For me, the onset of autumn doesn’t just mean the leaves changing colour. It also means a change of bird species in the area. As I type this it’s been a week since I last saw a Ruby-throated Hummingbird, they’re heading south for the winter. Today I had a Pine Siskin in the yard, normally a winter species for the area.
So rather go with a somewhat predictable photo of leaves I decided to go with a bird species that passes through the area in the spring and autumn. This White-crowned Sparrow is a passage migrant in this part of Ontario. Having bred in the far north it’s now heading south to spend the winter the southern U.S. or Mexico. It has stopped off in the area to feed up for a day or two.
A photo of the setting sun taken with a telephoto. I had a couple of teleconverters stacked behind the lens to make the sun as large as possible in the frame. The specks around the sun are very distant wildfowl. I was hoping for a large V of Sandhill Cranes to cross the sun but they wouldn’t cooperate.
One from the archives taken in early autumn when the wildfowl and Sandhill Cranes are gathering up ready to head south for the winter. Little Quill Lake, Saskatchewan, Canada in the late 1990s.
This week’s Cosmic Photo Challenge is Wings Across The Skies.
There was some obvious choices for me. At the same time, a bit of a challenge because of the range of choices.

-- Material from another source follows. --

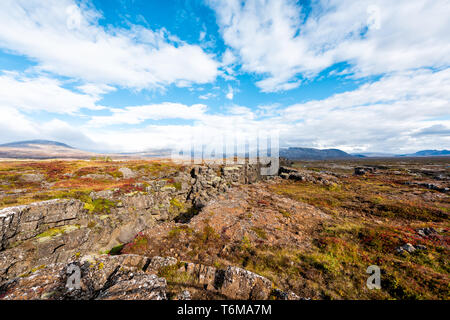 Der Nationalpark Thingvellir Herbst pflanzen während Tag Landschaft auf der oberen Spitze des Canyon Trail in Island Golden Circle Route mit Felsen Stockfoto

I picked this shot of Sandhill Cranes flying to roost at sunset because they cross the frame, from one side to the other. In other words, wings across the frame. The photo was taken at Little Quill Lake, Saskatchewan, Canada in the autumn. The Quill Lakes area is a staging area for Sandhill Cranes on their way south for the winter.
Throwback Thursday travels back to Saskatchewan, Canada in the 1990s. At this time of year the Sandhill Cranes are gathering together ready to head south for the winter. It wasn’t unusual to see flocks of hundreds of birds in places and a few miles away there could be a family party of four or five by themselves.

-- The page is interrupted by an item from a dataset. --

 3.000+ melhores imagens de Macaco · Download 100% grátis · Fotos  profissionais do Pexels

One of the staging areas was around the Quill Lakes wetland complex. It is also an important staging area for Snow Geese on autumn migration. I had a few locations around the northern end of Little Quill Lake that I visited at sunset to photograph the various flocks flying over to their roost sites.
Sometimes I would isolate small groups, other times I would shoot wider for larger groups. I picked this shot of five Sandhill Cranes because they appear to be flying in a loose formation. I find it interesting that the wing position of each bird is different.
This week’s Cosmic Photo Challenge is Living in Your Best Light.
Coming home through a thunderstorm one afternoon last autumn there was a double rainbow and some nice light on the fields of the side road we live on. I drove down the road in heavy rain hoping it would ease off enough to get some shots of the rainbows. It eased off enough for me to stop the car and grab some shots at the barn. I dried the camera off with a towel when I got home.
So some nice light where we live.
The Weekly Photo Challenge is Prolific.
Snow Geese on autumn migration flying in to roost at sunset, Little Quill Lake, Saskatchewan. Parts of Saskatchewan are a staging ground for the birds on their way south for the winter. I estimated some of the flocks I saw at 17,000 birds.
Today’s Daily Post one word prompt is Quartet.
Actually it was the green moss that caught my eye rather than the Maple leaves. The moss is on a boulder in woodland and the green was almost fluorescent in the low light amongst the trees.